Advice like “memorize five words and then drink coffee” is a subtle deception. In the end, it is nothing more than a micro-sized variation of "long-term investment," still relying on a long-term reward circuit that assumes ‘if I pile up words every single day like this, I will eventually become something in the future.’
To those whose trust in the future has completely collapsed and whose long-term imagination has been paralyzed, telling them to endure today’s pain for tomorrow’s grand success simply doesn’t work. Even without memorizing words, a much more powerful hit of dopamine pours over them in 0.5 seconds the moment they turn on their smartphone—so why on earth would they sit and wrestle with five seemingly useless words? If the paradigm remains the same—that one must expect a long-term reward in order to move—any methodology will ultimately just be running in place.
Stripping Away the Future, Leaving Only the "Scale of the Present"
If we accept this brutal mechanism, we shouldn’t be trying to learn how to act by imagining future rewards. Instead, we must remove the variable called "the future" from the equation entirely. Rather than chasing a grand goal of saving your future self, you should approach it by simply balancing the "quality" and "equilibrium" of the dopamine your brain consumes today.
The real reason smartphone addiction is terrifying is not that it steals your time. It is because it reduces your prefrontal cortex’s cognitive capacity to absolute zero, leaving behind not even the bare minimum of bioenergy required to move your body.
Therefore, what we must do is not study for some long-term investment, but minutely disrupt the monopoly of dopamine that our smartphone has seized.
Not "Productive Work," but "Less Harmful Zero-Stimulation"
Do not struggle to do things that will benefit your future (such as studying or exercising). It won’t work anyway. Instead, forcing a mere 5 minutes of "zero-stimulation time"—where you tear your eyes away from the screen and hand your brain absolutely no reward—is the only realistic way to create a crack in the system.

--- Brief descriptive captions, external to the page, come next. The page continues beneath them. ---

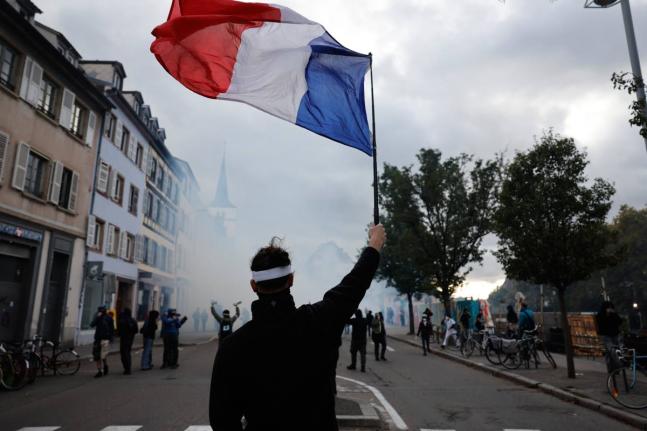 A protester holds a French flag during a demonstration against rising living costs in Strasbourg, France.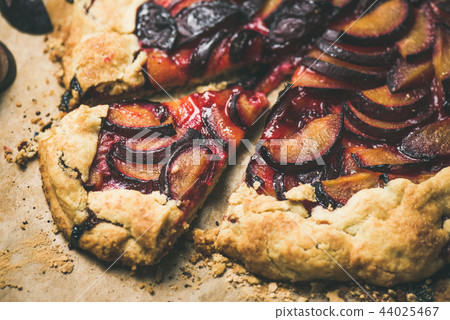 Plum galetta sweet cake dessert on baking paper, horizontal composition 44025467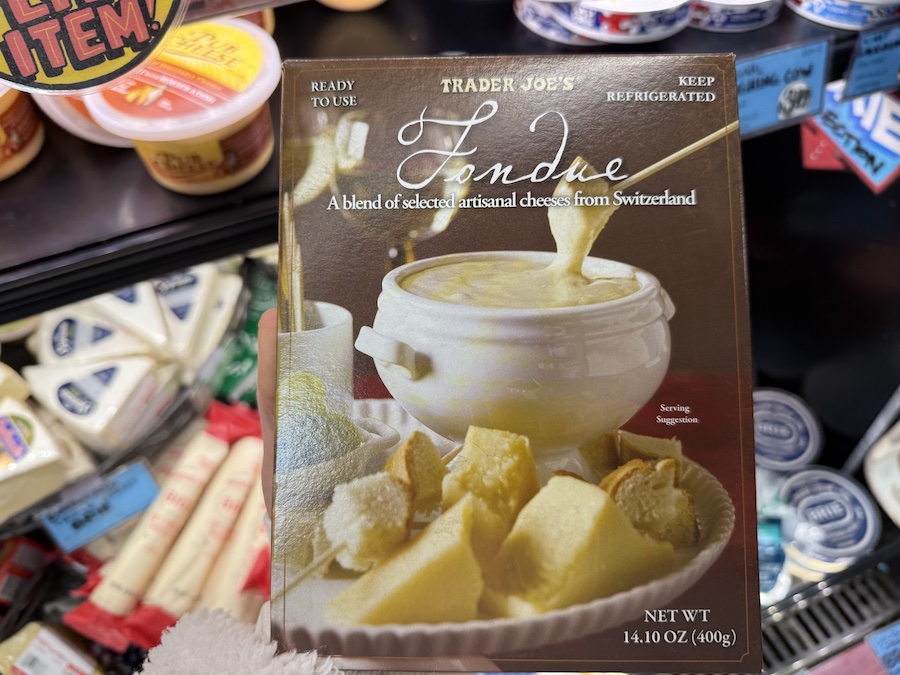 Close-up of Trader Joe’s Swiss-style fondue kit, packed in festive cream boxes.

These actions will bring absolutely no benefit to your future. There is no need to imagine long-term rewards. They are merely a "cooling time" to momentarily soothe a brain on the verge of exploding from an overload of immediate dopamine.
When the Brain Discovers an Infinitesimal Empty Space
Long-term investment is not something you do because you force yourself to; it is an energy that naturally overflows once the brain secures some breathing room. In a brain packed 24/7 with short-form videos and games, there is simply no room for a new desire to enter.
What we can do is not dream of a future, but momentarily turn off the faucet of high-efficiency dopamine that is currently hijacking our brain. Inside that microscopic empty space, within that very silence, a primitive level of movement finally sparks: "Since sitting around doing nothing is even more boring than looking at my phone, maybe I’ll scribble something down."
It is okay if you cannot imagine a future. After all, it is only natural that tomorrow is invisible when you are stuck in the mud. What we need is not some macroscopic trajectory of life, but a micro-sized sense of relief before falling asleep tonight: "Today, my brain was not completely pickled by my smartphone; it managed to rest for at least 10 minutes." That, and that alone, is enough.